RECORDS FOR THIS TASK:
━━━━━━━━━━━━━━━━━━━━
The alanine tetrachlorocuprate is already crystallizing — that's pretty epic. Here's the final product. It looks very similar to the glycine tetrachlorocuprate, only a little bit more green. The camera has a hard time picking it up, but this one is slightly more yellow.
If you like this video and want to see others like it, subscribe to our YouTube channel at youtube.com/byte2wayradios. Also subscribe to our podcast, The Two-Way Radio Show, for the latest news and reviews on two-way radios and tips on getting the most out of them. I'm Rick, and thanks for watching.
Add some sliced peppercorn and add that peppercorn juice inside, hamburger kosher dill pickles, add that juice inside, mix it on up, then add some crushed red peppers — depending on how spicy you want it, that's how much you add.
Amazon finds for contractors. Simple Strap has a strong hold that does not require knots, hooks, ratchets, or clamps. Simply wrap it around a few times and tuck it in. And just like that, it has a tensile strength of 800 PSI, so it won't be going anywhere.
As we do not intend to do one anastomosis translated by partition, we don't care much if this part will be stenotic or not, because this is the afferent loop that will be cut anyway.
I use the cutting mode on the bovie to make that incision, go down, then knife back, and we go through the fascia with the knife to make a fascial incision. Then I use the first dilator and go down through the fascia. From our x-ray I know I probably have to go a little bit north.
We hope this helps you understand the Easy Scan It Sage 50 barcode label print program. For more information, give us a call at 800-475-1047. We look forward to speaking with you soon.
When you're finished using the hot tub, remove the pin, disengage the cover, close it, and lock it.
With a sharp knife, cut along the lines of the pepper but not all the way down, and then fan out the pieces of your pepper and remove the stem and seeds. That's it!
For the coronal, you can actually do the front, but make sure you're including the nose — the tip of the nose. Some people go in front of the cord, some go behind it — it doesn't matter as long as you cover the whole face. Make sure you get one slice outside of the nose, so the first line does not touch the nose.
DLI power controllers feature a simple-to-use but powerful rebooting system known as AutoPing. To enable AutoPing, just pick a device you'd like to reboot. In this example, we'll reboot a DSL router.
━━━━━━━━━━━━━━━━━━━━
EXERCISE REQUIREMENTS:
All records above are to be output again exactly as they stand.

RESPONSE AREA:
The alanine tetrachlorocuprate is already crystallizing — that's pretty epic. Here's the final product. It looks very similar to the glycine tetrachlorocuprate, only a little bit more green. The camera has a hard time picking it up, but this one is slightly more yellow.
If you like this video and want to see others like it, subscribe to our YouTube channel at youtube.com/byte2wayradios. Also subscribe to our podcast, The Two-Way Radio Show, for the latest news and reviews on two-way radios and tips on getting the most out of them. I'm Rick, and thanks for watching.
Add some sliced peppercorn and add that peppercorn juice inside, hamburger kosher dill pickles, add that juice inside, mix it on up, then add some crushed red peppers — depending on how spicy you want it, that's how much you add.
Amazon finds for contractors. Simple Strap has a strong hold that does not require knots, hooks, ratchets, or clamps. Simply wrap it around a few times and tuck it in. And just like that, it has a tensile strength of 800 PSI, so it won't be going anywhere.
As we do not intend to do one anastomosis translated by partition, we don't care much if this part will be stenotic or not, because this is the afferent loop that will be cut anyway.
I use the cutting mode on the bovie to make that incision, go down, then knife back, and we go through the fascia with the knife to make a fascial incision. Then I use the first dilator and go down through the fascia. From our x-ray I know I probably have to go a little bit north.
We hope this helps you understand the Easy Scan It Sage 50 barcode label print program. For more information, give us a call at 800-475-1047. We look forward to speaking with you soon.
When you're finished using the hot tub, remove the pin, disengage the cover, close it, and lock it.
With a sharp knife, cut along the lines of the pepper but not all the way down, and then fan out the pieces of your pepper and remove the stem and seeds. That's it!
For the coronal, you can actually do the front, but make sure you're including the nose — the tip of the nose. Some people go in front of the cord, some go behind it — it doesn't matter as long as you cover the whole face. Make sure you get one slice outside of the nose, so the first line does not touch the nose.
DLI power controllers feature a simple-to-use but powerful rebooting system known as AutoPing. To enable AutoPing, just pick a device you'd like to reboot. In this example, we'll reboot a DSL router.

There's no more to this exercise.